Pipelining has two stages, i.e. Fetch Stage and Execute Stage. Fetch stage
stores up to 6 bytes of instructions in queue, while execute stage executes
them.

·        
It has large number of transistors,
approximately 29,000 transistors.

Architecture
of 8086:

8086 microprocessor is divided into two functional
units-

1.      Execution
Unit (EU)

2.      Bus
Interface Unit (BIU).

Execution
Unit (EU)-

This unit commands BIU starting from where to fetch
the data and then decode and execute those instructions through giving
instruction. By using instruction decoder and ALU, it controls operations on
data.

Some functional part of 8086 microprocessor are:

1.      ALU-
It handles arithmetic and logical operations.

2.      Flag
Register- 16-bit register which changes it status according to the result
stored in the accumulator. There are in total 9 flags. They are divided into 2
groups – Condition Flags and Control Flags.

3.      Status
Flags- It represents the result of the last instruction executed.

a.       Carry
Flag: This will indicate the final carry of the instruction.

b.      Auxiliary
Flag: This will represent the in between carries generated by the instruction
executed.

c.       Parity
Flag: It will show the whether number of 1’s is odd or even in the result.

d.      Zero
Flag: If the result of the operation is zero, then the flag will be set to 1
else 0.

e.       Sign
Flag: When the result of the operation is negative, then the flag is set to 1 else
set to 0.

f.       Overflow
Flag: This will indicate the result when the capacity of the system is
exceeded.

4.      Control
Flags- It controls the operation of the EU.

a.       Trap
Flag: For debugging, it allows the user to execute one instruction at a time
and is used for single step control.

b.      Interrupt
Flag: It allows/prohibits interruption of a program. To enable the interruption,
it is set to 1 else set to 0 for interrupt disabled.

c.       Direction
Flag: If is used for the string operation. If the pointer is pointed at the
last character of the string, then the flag is set to 1 and the pointer will be
decremented. If the pointer is pointing to the first character of the string,
then the flag is set to 0 and will be incremented.

5.      General
Purpose Registers- There are 8 general purpose registers, namely, AH, AL, BH,
BL, CH, CL, DH, and DL. These can be used individually to store 8-bit data and
can be stored as 16-bit by making pairs. It is referred to the AX, BX, CX, and
DX respectively.

a.       Accumulator
register (AX) – Used to store operand for arithmetic operations.

b.      Base
register (BX) – Used to store the starting bas address of the memory area.

c.       Counter
(CX) – Used in loop instruction to store the loop counter.

d.      Data
register (DX) – Used to hold I/O port address for I/O instruction.

6.      Stack
Pointer Register- It holds the address from the start of the segment to the
memory location.

Bus
Interface Unit (BIU):

It takes care of all the data and addresses transferred
on the buses for the EU, EU has no direct connection with System Buses so it is
possible with the BIU. Both the units are connected with the internal buses.

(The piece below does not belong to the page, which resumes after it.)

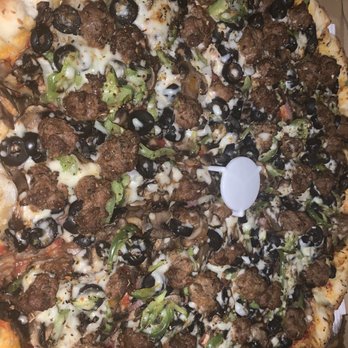 Antelope Pizza House - Full of toppings, very filling. House combo special 16" - Pizza Near Me - Antelope, California Antelope Pizza House - Full of toppings, very filling. House combo special 16" - Pizza Near Me - Antelope, California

BIU has following functional parts-

1.      Instruction
queue- Up to 6 bytes of next instruction is given to BIU which stores them in
the instruction queue. When EU is ready to fetch the next instruction, it
simply reads it from the instruction queue resulting in execution speed.
Fetching the next instruction before the current execution is completed is
called as Pipelining.

2.      Segment
register- Bus Interface Unit has 4 segment buses, i.e. CS, DS, SS, and ES.

a.       Code
Segment (CS) – It addresses the memory location in the code segment of the
memory.

b.      Data
Segment (DS) – Consist of data used by the program and is accessed in the DS by
an offset address.

c.       Stack
Segment (SS) – Handles memory to store data and addresses.

d.      Extra
Segment (ES) – It is additional data segment used by the string to hold the
extra destination data.

3.      Instruction
Pointer- This pointer holds the address of the next instruction to be executed.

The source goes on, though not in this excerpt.